** ENTRIES SHOWN follows **

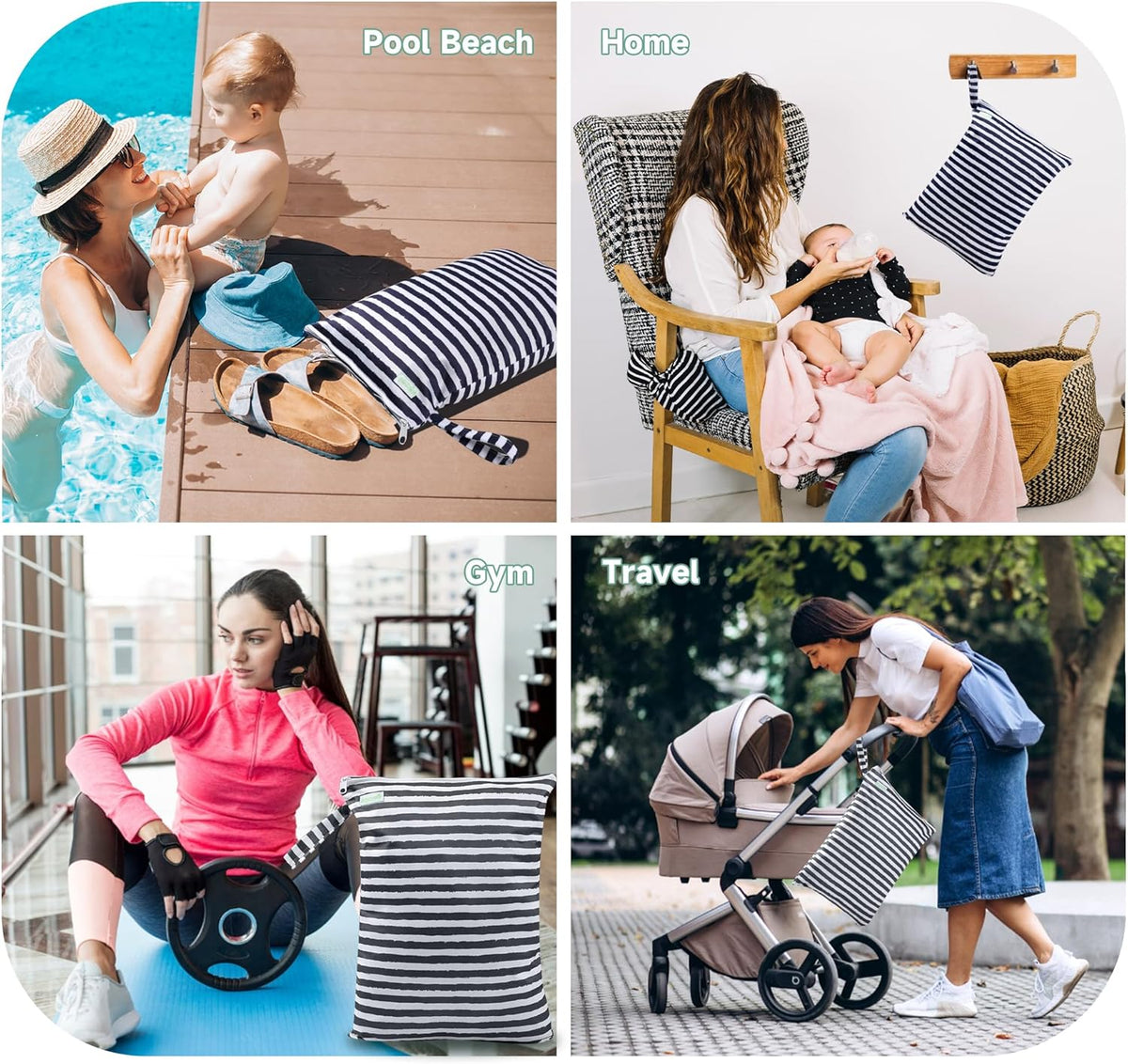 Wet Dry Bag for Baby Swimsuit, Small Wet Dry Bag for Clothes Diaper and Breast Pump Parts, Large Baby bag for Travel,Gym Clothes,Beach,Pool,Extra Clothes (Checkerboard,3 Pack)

** End of ENTRIES SHOWN **
** ENTRIES SHOWN follows **

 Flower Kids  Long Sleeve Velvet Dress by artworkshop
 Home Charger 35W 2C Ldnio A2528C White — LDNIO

** End of ENTRIES SHOWN **
** ENTRIES SHOWN follows **

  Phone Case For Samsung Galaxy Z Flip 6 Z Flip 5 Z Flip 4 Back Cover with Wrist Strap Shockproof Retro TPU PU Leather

** End of ENTRIES SHOWN **

WHAT THE TASK REQUIRES: Print exactly the lines above from the one with "Dress by artworkshop" to the one with "Home Charger 35W", including both.

ANSWER BOX:
 Flower Kids  Long Sleeve Velvet Dress by artworkshop
 Home Charger 35W 2C Ldnio A2528C White — LDNIO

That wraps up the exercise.